Crotone stadioSpera di giocare la prima di campionato a Crotone, il presidente della squadra pitagorica. “Tempi per lo stadio? Quello che spero io è di giocare la prima partita del campionato allo Ezio Scida, quindi parliamo di fine agosto. Sono ottimista. Ho avuto ampie garanzie dal governatore e dal comune e spero che alla fine avremo questo stadio perché il Crotone merita di giocare nella sua città. L’augurio è quello di avere il nostro stadio e avere anche una tribuna adatta all’ospitalità”. Sono le parole del presidente del Crotone, Raffaele Vrenna, all’Adnkronos, sulle notizie positive che arrivano sullo stadio in vista dell’inizio del campionato. La società pitagorica è infatti impegnata assieme a tutte le parti coinvolte per conseguire l’adeguamento dell’impianto Ezio Scida agli standard richiesti dalla Lega Calcio per gli incontri della massima serie. La soluzione dovrebbe essere in una tribuna mobile di circa 7.000 posti che sarà costruita in sostituzione dell’attuale tribuna coperta e ospiterà, oltre ai posti a sedere per il pubblico, anche i box stampa completi di relativi allacciamenti. Progettazione e costruzione della struttura saranno affidate a società specializzate nel settore con comprovata esperienza in ambito internazionale. “Con il Crotone in Serie A ci saranno sicuramente ripercussioni importanti per la città.

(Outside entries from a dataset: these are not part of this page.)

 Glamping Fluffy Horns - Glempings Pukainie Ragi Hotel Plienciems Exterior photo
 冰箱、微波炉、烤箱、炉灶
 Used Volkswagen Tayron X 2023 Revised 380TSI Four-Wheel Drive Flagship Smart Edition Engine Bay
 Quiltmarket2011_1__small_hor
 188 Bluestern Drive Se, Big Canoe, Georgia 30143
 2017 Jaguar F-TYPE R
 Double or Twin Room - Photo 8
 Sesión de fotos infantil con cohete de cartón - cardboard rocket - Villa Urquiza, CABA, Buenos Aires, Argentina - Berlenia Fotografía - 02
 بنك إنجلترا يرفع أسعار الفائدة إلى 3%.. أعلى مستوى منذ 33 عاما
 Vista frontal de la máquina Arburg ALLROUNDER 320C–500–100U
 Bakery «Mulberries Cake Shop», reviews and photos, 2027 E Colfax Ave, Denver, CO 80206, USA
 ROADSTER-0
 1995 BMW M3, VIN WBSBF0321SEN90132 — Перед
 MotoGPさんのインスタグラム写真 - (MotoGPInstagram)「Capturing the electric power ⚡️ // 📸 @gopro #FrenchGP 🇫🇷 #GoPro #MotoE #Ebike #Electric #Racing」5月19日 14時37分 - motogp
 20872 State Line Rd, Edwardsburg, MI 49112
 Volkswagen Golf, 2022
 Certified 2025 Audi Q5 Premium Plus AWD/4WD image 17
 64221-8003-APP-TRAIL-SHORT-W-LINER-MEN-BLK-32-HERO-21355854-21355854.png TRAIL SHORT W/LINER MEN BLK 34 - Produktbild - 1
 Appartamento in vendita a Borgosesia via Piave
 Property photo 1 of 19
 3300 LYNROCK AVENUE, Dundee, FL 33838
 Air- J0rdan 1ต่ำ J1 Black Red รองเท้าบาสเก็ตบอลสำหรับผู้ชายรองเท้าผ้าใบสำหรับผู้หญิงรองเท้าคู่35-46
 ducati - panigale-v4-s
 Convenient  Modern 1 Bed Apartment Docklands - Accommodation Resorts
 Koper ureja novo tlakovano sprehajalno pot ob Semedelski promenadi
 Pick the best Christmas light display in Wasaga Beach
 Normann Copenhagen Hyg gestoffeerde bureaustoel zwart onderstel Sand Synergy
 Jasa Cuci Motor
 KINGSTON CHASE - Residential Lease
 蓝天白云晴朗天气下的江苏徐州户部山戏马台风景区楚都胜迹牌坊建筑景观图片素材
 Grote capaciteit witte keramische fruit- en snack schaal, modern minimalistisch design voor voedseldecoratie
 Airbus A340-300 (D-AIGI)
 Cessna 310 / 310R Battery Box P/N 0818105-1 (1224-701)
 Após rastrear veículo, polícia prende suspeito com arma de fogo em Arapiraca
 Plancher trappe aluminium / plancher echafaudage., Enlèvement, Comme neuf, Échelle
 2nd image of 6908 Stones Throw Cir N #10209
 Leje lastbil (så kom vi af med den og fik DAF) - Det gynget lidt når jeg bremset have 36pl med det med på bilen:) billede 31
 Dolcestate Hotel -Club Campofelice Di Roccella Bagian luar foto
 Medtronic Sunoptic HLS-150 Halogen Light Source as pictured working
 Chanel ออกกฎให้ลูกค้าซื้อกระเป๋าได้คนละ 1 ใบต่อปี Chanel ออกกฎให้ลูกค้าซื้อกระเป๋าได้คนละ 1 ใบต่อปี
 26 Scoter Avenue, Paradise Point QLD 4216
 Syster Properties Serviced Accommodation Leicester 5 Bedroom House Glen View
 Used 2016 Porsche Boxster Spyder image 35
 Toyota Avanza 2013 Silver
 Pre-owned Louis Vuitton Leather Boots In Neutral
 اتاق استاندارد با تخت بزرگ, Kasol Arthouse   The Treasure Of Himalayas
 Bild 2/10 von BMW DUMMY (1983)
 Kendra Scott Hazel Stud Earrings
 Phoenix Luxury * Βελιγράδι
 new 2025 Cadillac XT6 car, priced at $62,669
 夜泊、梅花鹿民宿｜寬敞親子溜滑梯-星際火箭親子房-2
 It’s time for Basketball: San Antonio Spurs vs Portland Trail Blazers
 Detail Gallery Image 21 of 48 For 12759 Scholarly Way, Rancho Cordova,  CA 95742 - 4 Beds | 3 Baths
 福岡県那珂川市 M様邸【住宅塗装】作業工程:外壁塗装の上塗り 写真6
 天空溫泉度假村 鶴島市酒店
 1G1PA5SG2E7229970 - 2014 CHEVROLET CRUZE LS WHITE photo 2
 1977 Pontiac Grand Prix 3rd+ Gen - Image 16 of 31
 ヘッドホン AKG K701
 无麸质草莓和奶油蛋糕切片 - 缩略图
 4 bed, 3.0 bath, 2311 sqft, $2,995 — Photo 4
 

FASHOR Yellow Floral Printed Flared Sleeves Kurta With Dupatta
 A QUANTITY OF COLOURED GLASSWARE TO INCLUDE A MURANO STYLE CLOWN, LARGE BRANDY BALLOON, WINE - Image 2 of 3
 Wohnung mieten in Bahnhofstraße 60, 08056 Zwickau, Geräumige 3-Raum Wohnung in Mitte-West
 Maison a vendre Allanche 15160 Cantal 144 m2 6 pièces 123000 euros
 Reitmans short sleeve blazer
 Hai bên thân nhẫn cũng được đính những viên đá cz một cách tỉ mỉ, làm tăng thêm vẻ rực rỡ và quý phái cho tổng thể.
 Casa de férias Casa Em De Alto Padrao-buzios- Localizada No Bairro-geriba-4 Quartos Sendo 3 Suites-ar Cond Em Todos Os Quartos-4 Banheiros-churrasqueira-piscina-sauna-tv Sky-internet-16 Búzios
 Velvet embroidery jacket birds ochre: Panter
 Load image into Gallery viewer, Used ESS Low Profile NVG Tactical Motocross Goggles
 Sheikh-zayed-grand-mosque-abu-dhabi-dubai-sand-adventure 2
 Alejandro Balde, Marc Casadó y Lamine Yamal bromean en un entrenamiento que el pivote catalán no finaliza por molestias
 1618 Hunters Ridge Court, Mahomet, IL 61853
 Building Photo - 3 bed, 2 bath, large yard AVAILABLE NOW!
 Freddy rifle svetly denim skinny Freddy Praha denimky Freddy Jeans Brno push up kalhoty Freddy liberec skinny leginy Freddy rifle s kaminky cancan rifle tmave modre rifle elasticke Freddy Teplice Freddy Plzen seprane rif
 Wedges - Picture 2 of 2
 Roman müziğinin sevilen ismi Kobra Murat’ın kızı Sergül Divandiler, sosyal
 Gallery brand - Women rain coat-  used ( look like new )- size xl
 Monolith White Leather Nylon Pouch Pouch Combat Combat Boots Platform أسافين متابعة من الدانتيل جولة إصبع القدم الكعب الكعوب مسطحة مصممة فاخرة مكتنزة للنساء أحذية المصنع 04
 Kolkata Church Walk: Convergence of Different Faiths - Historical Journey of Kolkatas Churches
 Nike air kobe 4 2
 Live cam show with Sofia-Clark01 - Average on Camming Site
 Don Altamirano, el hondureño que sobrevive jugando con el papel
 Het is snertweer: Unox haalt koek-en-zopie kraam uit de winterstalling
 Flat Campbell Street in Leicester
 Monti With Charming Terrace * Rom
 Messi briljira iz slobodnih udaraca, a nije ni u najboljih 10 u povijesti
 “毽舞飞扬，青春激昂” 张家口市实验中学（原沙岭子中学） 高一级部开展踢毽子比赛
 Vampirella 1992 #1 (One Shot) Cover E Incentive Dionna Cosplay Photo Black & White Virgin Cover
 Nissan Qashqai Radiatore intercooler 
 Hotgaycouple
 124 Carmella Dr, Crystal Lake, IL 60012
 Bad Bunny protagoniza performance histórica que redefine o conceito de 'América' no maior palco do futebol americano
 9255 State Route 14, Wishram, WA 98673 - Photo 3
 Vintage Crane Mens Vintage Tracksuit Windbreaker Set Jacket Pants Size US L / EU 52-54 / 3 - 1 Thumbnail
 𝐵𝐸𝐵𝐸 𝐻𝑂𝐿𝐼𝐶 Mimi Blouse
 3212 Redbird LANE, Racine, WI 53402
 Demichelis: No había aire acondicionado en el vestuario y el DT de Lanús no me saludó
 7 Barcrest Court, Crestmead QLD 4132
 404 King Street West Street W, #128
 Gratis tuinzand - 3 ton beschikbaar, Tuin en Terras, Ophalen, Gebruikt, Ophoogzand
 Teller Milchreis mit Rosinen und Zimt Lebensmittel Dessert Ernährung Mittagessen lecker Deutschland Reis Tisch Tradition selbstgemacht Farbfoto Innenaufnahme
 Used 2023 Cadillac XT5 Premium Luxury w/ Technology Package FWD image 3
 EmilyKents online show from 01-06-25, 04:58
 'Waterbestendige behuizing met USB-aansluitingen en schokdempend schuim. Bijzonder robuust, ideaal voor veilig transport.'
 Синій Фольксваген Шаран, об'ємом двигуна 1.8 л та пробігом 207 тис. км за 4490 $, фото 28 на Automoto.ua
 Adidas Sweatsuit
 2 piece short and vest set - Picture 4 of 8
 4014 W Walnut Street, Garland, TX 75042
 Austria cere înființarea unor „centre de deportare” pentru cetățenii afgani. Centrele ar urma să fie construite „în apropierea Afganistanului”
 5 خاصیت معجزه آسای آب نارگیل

Stiamo avendo una risposta positiva, sia dal governatore che dal comune, per quanto riguarda il rifacimento dello stadio, per portarlo a 16-18 mila posti, e questo porterebbe sicuramente un indotto di 8-9 mila persone ogni 15 giorni oltre all’immagine”, ha aggiunto Vrenna. “Sponsor? Ancora nessuna novità, ma abbiamo creato questa piattaforma e la stiamo pubblicizzando, parlerà oltre del solidale, della scuola e anche del territorio”.